§ YOUR GOAL: The records below are to be set down again exactly, with the pictures left out.

**** MATERIAL TO PROCESS

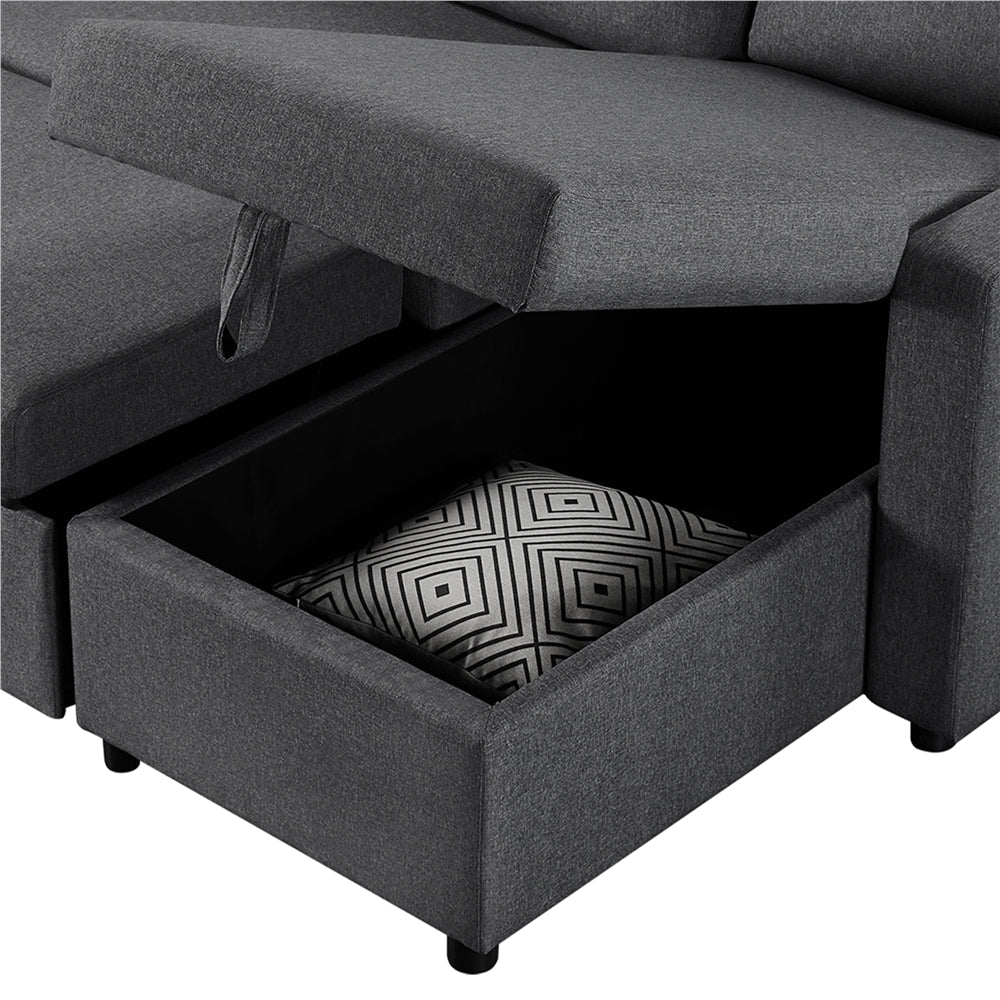 Yaheetech L-Shaped Reversible Sofa with Pull Out Bed & Storage For Limited Spaces, Dark Gray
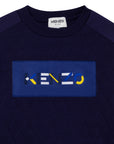 Kenzo Boys Logo Print Crew Neck Sweatshirt Navy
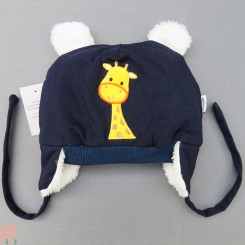 کلاه نوزاد روگوشی داخل خزدار گرم زرافه سرمه ای Baby warm hats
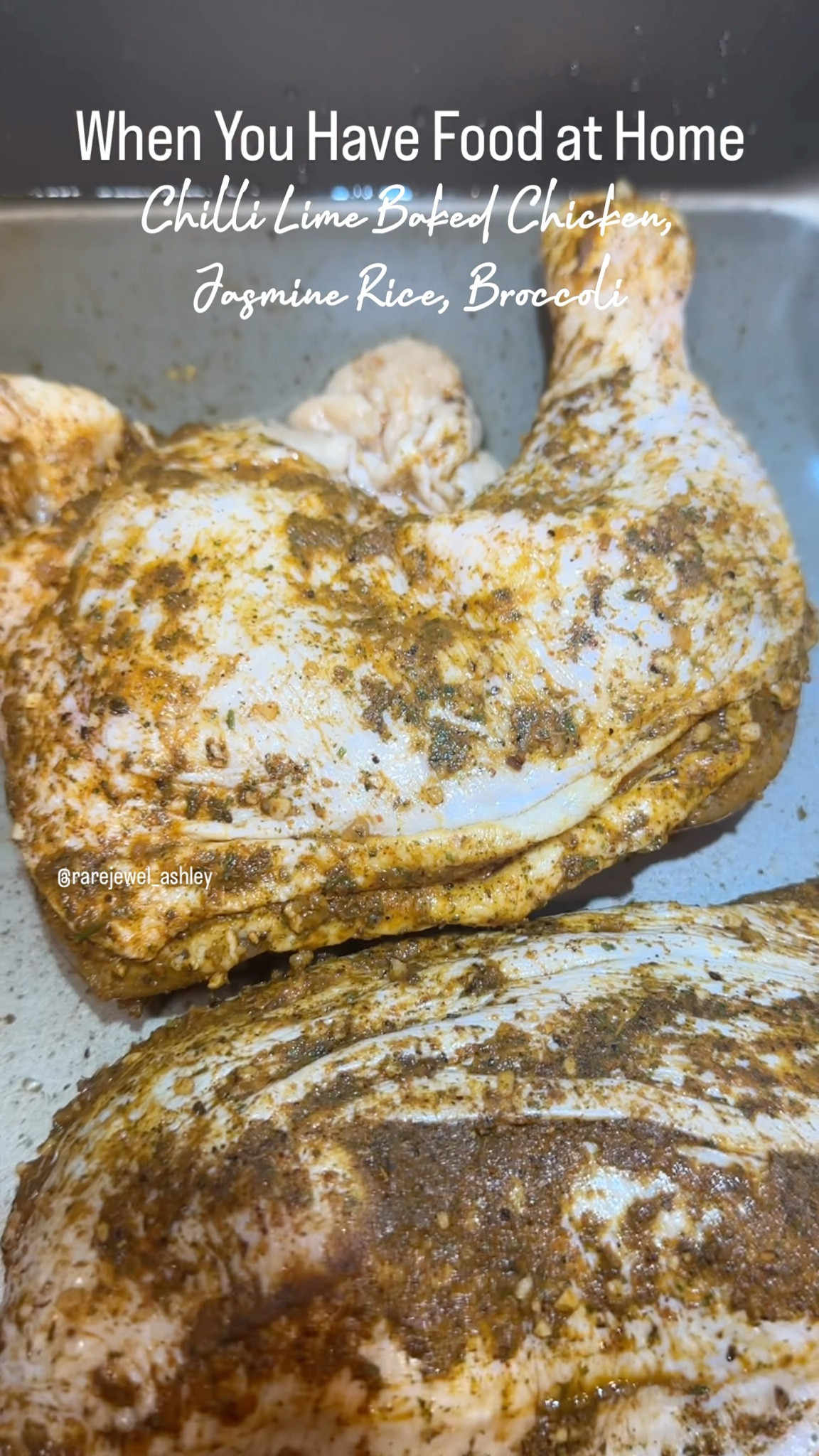 When you have food at home: 
Chilli lime chicken leg quarters, jasmine rice and steamed broccoli.

Total preparation was about 1 hour and 15 minutes.

#foodie #food #recipes #trending #musthave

********

§ OUTPUT OF THE TASK:
 Yaheetech L-Shaped Reversible Sofa with Pull Out Bed & Storage For Limited Spaces, Dark Gray
 Kenzo Boys Logo Print Crew Neck Sweatshirt Navy
 کلاه نوزاد روگوشی داخل خزدار گرم زرافه سرمه ای Baby warm hats
 When you have food at home: 
Chilli lime chicken leg quarters, jasmine rice and steamed broccoli.

Total preparation was about 1 hour and 15 minutes.

#foodie #food #recipes #trending #musthave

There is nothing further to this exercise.